◆ WORK REQUIRED
The expected answer is the set of lines in the data below between the line holding "Small Image of" and the line holding "Apartment - Marina", inclusive, written out exactly.

*** Opening of MATERIAL PROVIDED ***

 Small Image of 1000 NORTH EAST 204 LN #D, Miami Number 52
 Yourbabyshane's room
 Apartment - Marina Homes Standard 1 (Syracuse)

*** Close of MATERIAL PROVIDED ***
*** Opening of MATERIAL PROVIDED ***

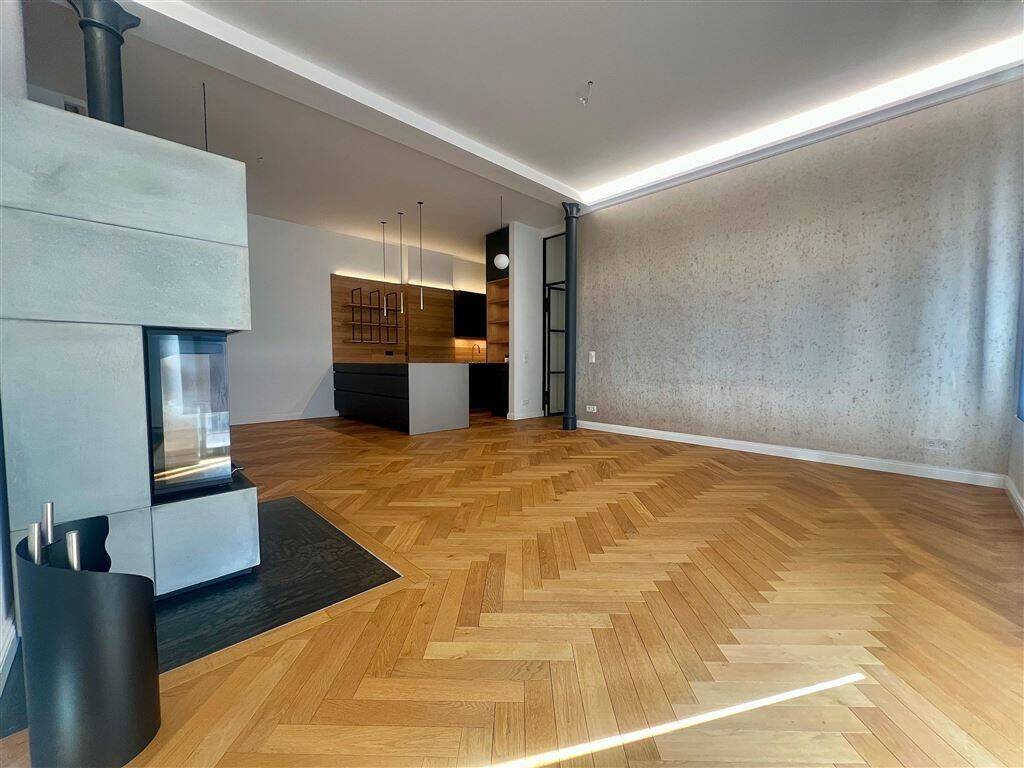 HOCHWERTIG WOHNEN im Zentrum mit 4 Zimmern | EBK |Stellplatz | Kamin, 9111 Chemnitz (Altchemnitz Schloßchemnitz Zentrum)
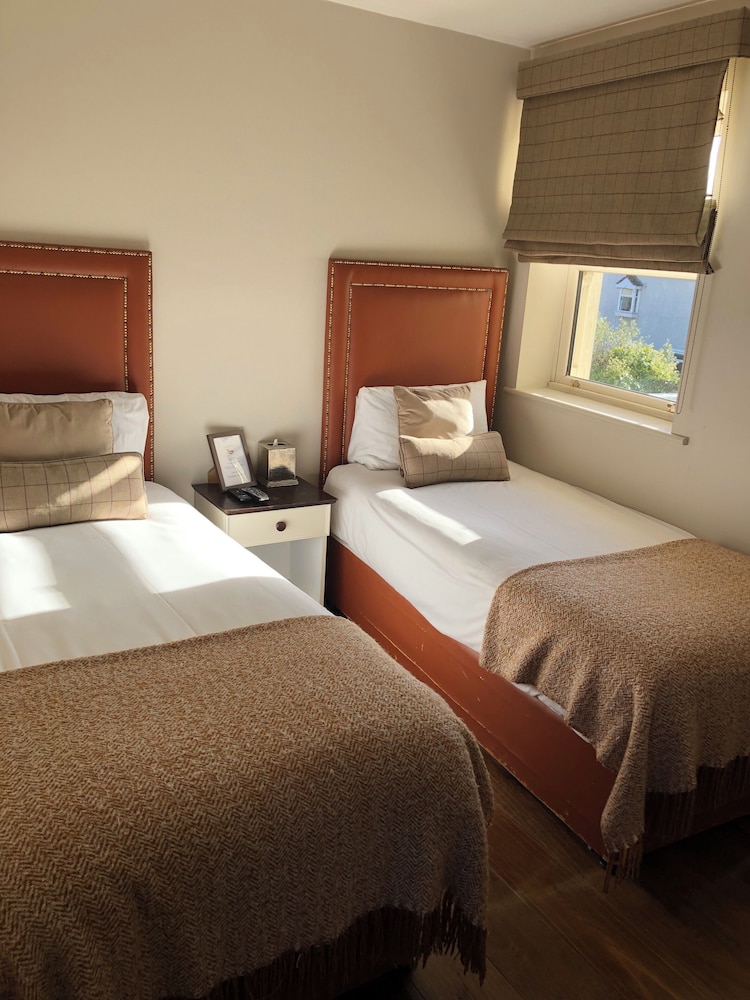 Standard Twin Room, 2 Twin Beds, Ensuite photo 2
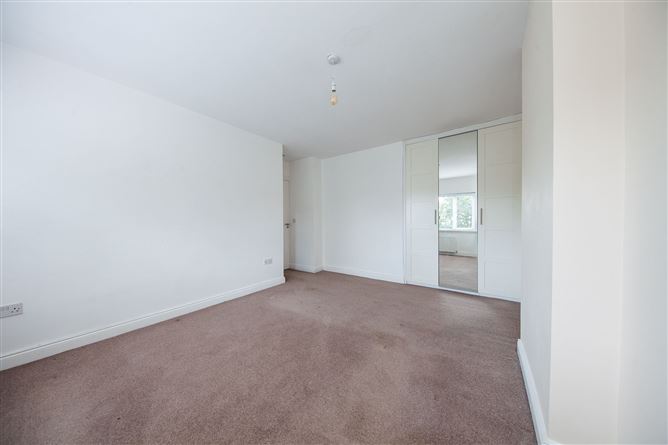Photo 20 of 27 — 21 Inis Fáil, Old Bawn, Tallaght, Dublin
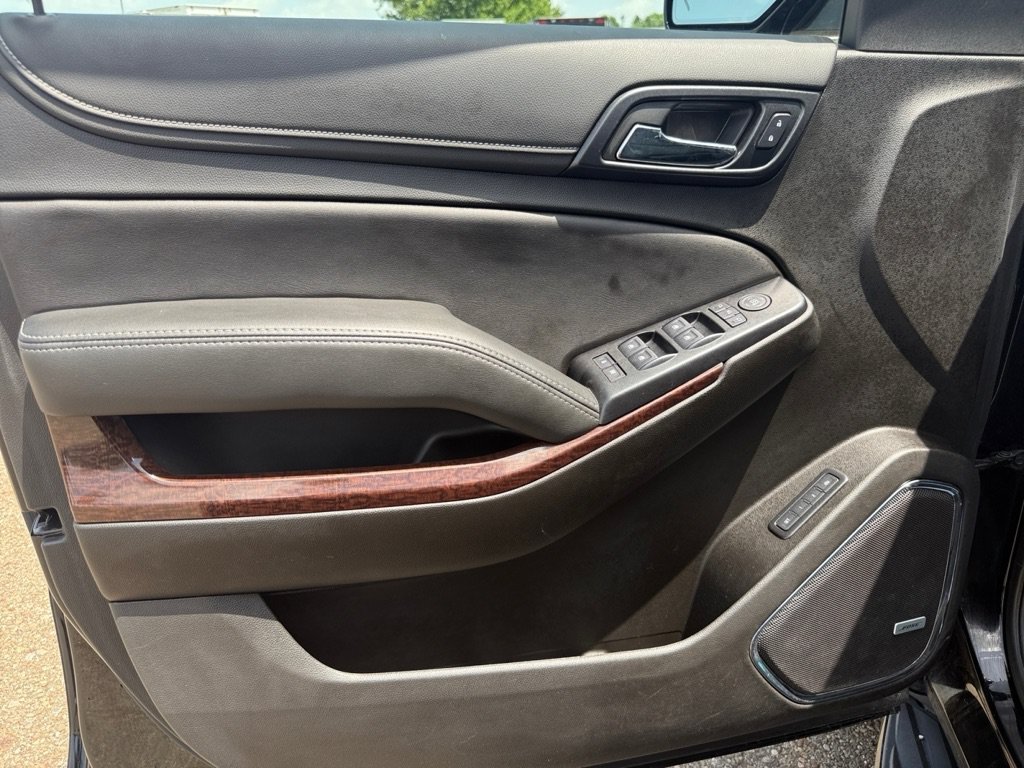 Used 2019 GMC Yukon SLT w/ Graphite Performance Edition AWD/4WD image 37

*** Close of MATERIAL PROVIDED ***

◆ TASK OUTPUT
 Small Image of 1000 NORTH EAST 204 LN #D, Miami Number 52
 Yourbabyshane's room
 Apartment - Marina Homes Standard 1 (Syracuse)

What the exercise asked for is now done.